The story goes on… Kawamura won his election, by a landslide. He got re-elected as mayor of Nagoya, got his candidate elected as governor of Aichi Prefecture (where Nagoya is) and got his proposition to recall the city council passed – all with big majorities!
Now, I’m sort of in two minds about this. Of course I’m delighted those over-paid councillors will get thrown out, kicking and screaming till the end no doubt, though some of them seem to be coming round to the idea of having their salaries halved to 8 million yen a year ($100,000), now that it’s that or no job at all. That’s still a pretty good income I’d say – certainly more than I’ve got any chance of ever seeing…
On the other hand, Kawamura’s main platform seems to be “less tax” and he’s planning to cut Nagoya city tax by 10%. That appeals to most people for sure – who wants to pay more tax? Well… when they ask Scandinavians, for example, how they feel about their incredibly high tax rates, most of them seem to think it’s OK, because they get back pretty good government services in return.

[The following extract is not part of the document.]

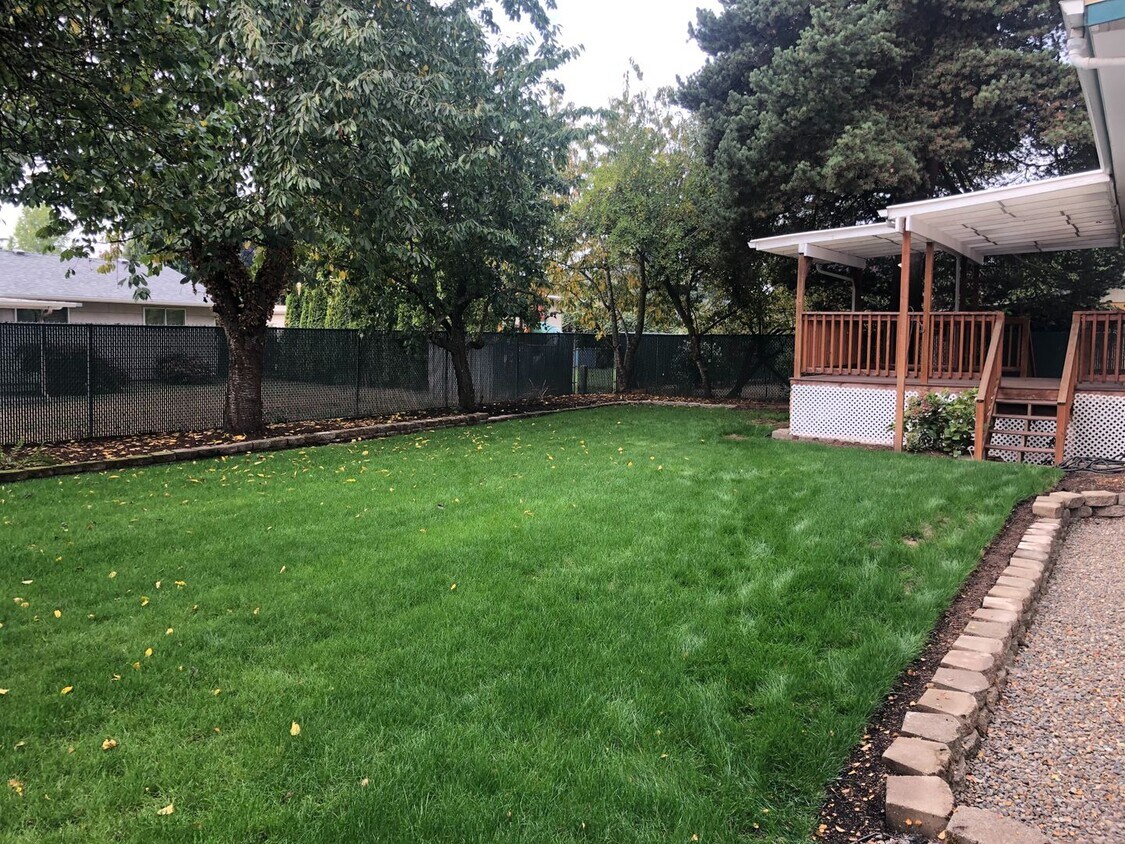 Primary Photo - Updated Four Bedroom Home with New Lawn an...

There’s the rub – what city services is K. going to cut to pay for this 10%? At the end of the day it’s a redistribution of income back to the rich, who have more tax to cut, from the poor who would benefit from the city services to be axed.
So is he a democrat, fighting city hall for the common folk, or a disguised conservative demagogue? It gets murkier too: at the national level the ruling DPJ is in trouble. Their popularity is collapsing, partly because of, again, taxes. There’s no escaping (in my opinion) that the rising proportion of elderly people in the population, along with the huge national debt, mean an increase in tax is coming, like it or not, along with a fall in standard of living in all the “developed” countries. My personal complaint is that the government want to raise this money by increasing consumption tax, which hits the poor hardest, rather than income tax. This comes just after reducing corporation tax by 5%, along with backing out of all kinds of promises made in their pre-election manifesto: child allowance, free motorways… People are getting fed up, and “wrecker” Ozawa, who’s caught up in another money-politics scandal, sees an opportunity to divert attention from his wrongdoing and set himself up as a kind of champion of the poor.
A lot of the DPJ diet members owe their seats to Ozawa, and when the current Kan cabinet excommunicated him last month for his sins there were rumblings and stirrings in the ranks. It now looks as if a split in the party is not out of the question. This is where Kawamura steps in. He’s an old Ozawa associate, and he’s been seen in meetings with the old fox lately, about who knows what, but Kawamura’s “Less Tax Party” which is about to fight in the Nagoya city council elections might get into some sort of coalition with a breakaway Ozawa wing of the DPJ, destroying the government so many people hoped would put an end to the old style money politics of the LDP.
One up for The Wrecker, and of course the equally unpopular LDP must be delighted.